1. exponential integrals

q(t)=exp(-xt)

p'(t)=xq(t)-yp(t)

In need to find p(t) .

I know p(t)=(x/y-x)(exp(-xt)-exp(-yt)) but don't know how to get to it.

I would appreciate your help, thank you!

2. Re: exponential integrals

use $e^{y t}$ as an integrating factor

$e^{y t} p^\prime + y e^{y t}p = x e^{y t}e^{-x t}$

$(e^{y t}p)^\prime = x e^{(y-x)t}$

etc.

I leave you to complete it, it should be straightforward from here.

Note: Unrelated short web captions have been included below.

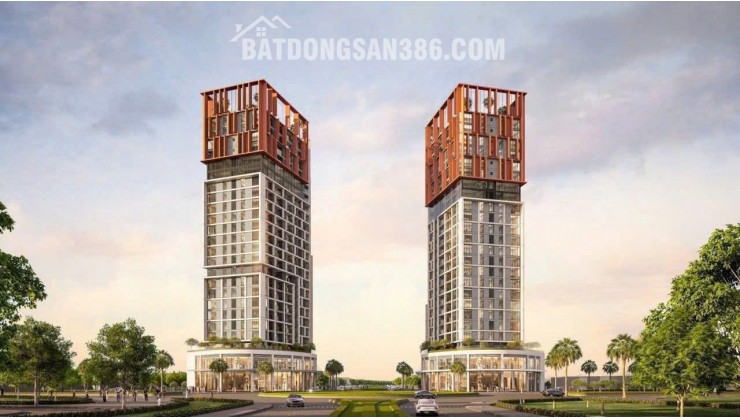 SUN CORA TOWER - CĂN HỘ CAO CẤP HOÀ XUÂN, ĐÀ NẴNG, CHỈ TỪ 3.1 TỶ. LH:0983878657.
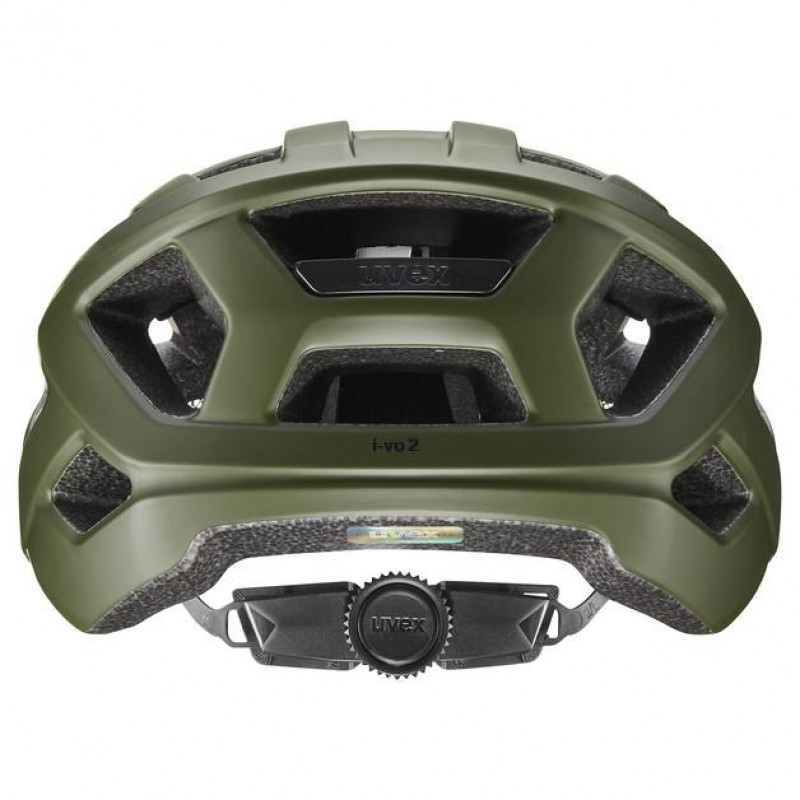 UVEX I-vo 2 Bicycle Helmet, 52-57 cm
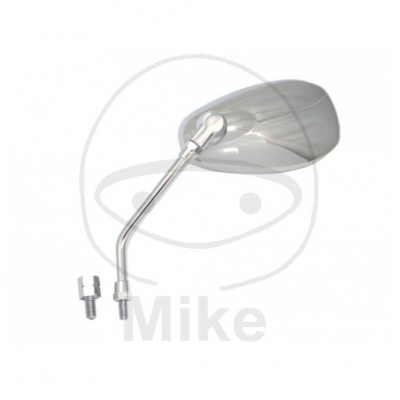 Zpätné zrkadlo JMP ZR 0242 chróm vľavo alebo vpravo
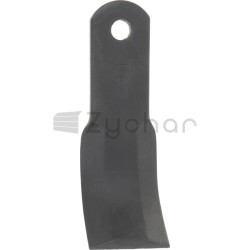 Messer gebogen - 19200168-347686659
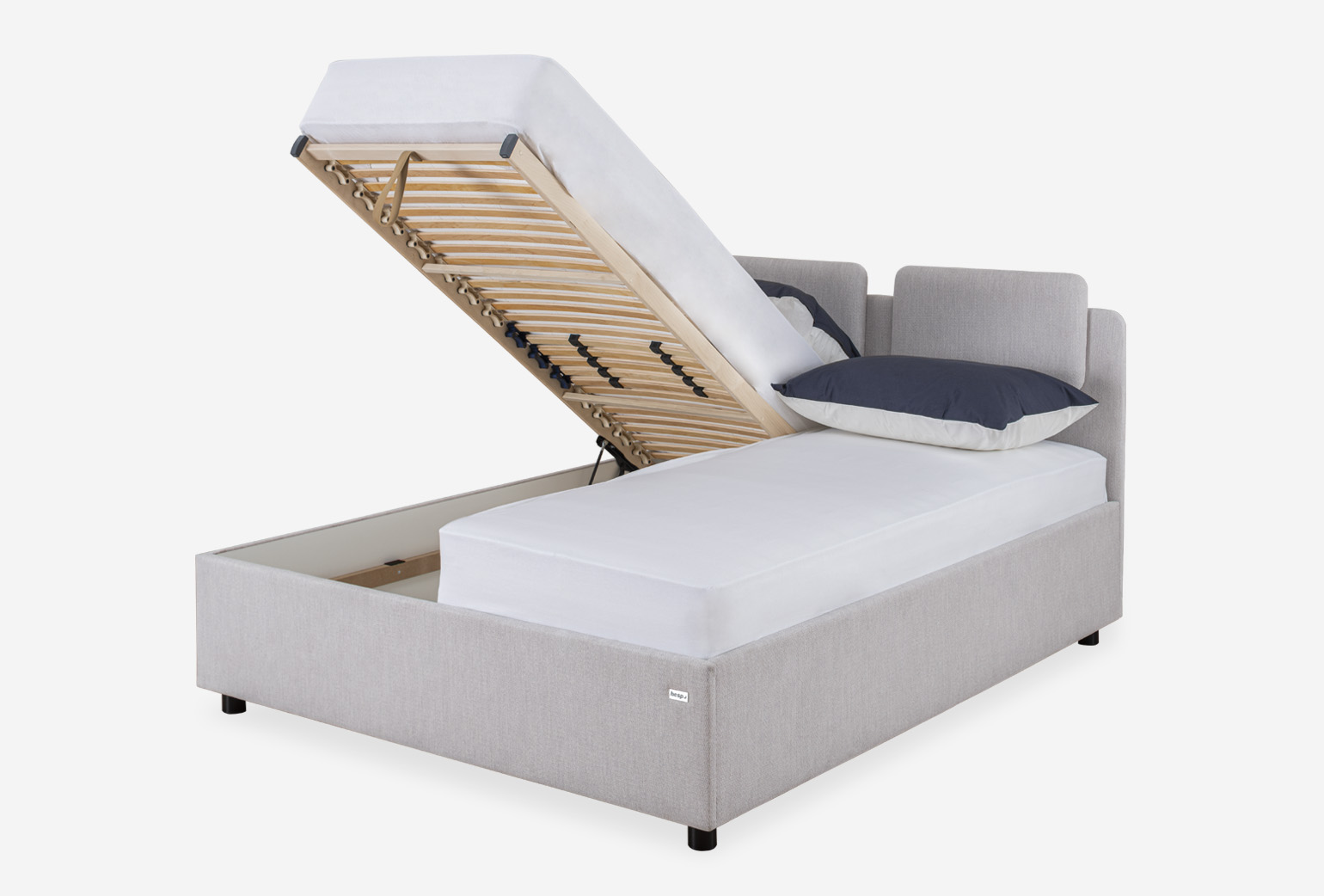 Letto s jastucima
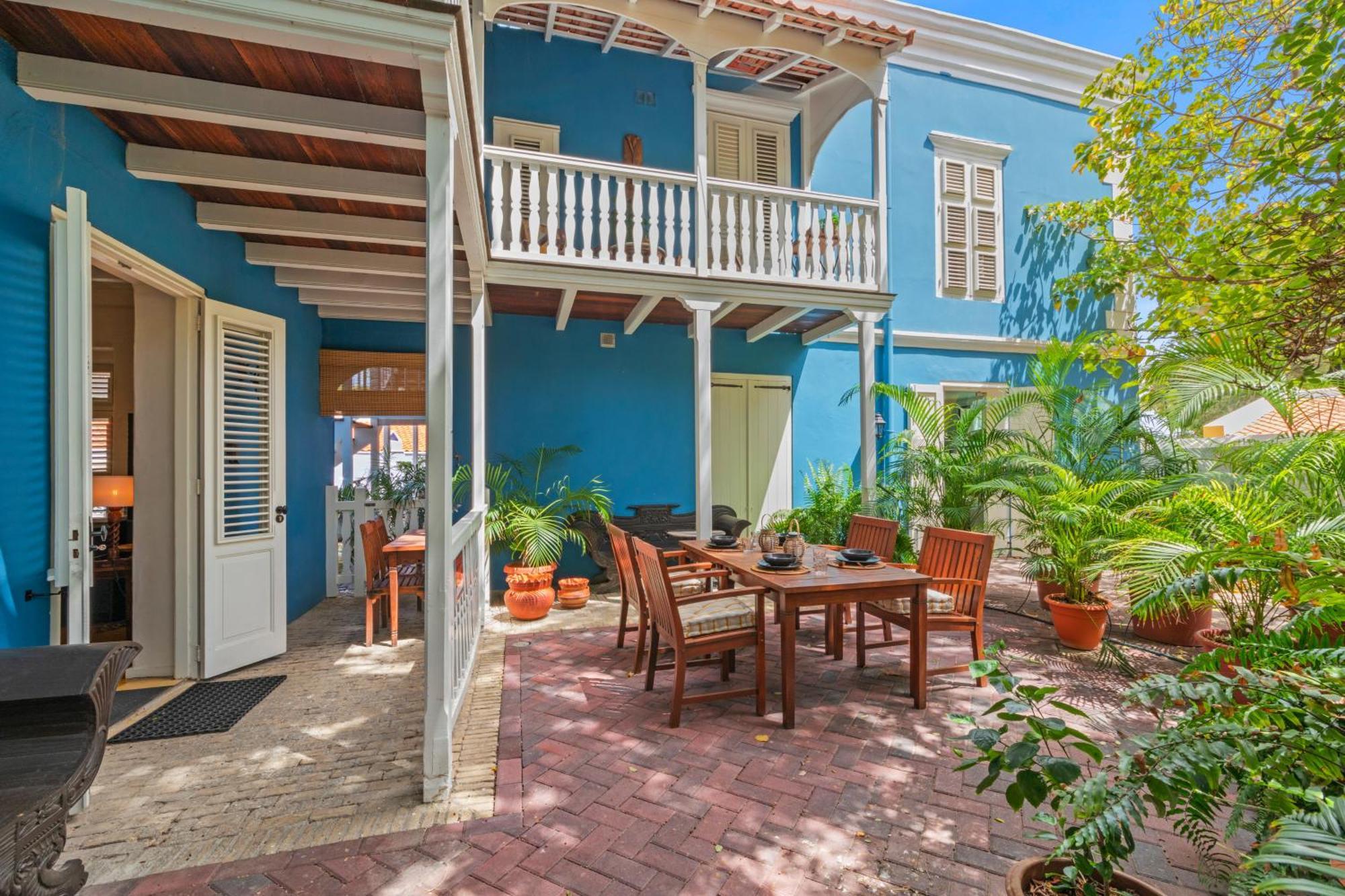 Curacao Gardens Apartment Willemstad Exterior photo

3. Re: exponential integrals

$p'(t)+ yp(t)= xe^{-xt}$ is a linear, first order, non-homogenous equation with constant coefficients (since p is a function of t only, we can treat x and y as constants). Its characteristic equation is $r+ y= 0$ so r= -y. The general solution to the associated homogeneous equation is $p(t)= Ce^{-yt}$. We look for a specific solution to the entire equation of the form $p(t)= Ae^{-xt}$. $y(t)'= -Axe^{-xt}$ so the equation becomes $-Axe^{-xt}+ Aye^{-xt}= A(y- x)e^{-xt}= xe^{-xt}$. $A= \frac{x}{y- x}$.

$p(t)= Ce^{-yt}+ \frac{x}{y- x}e^{-xt}$.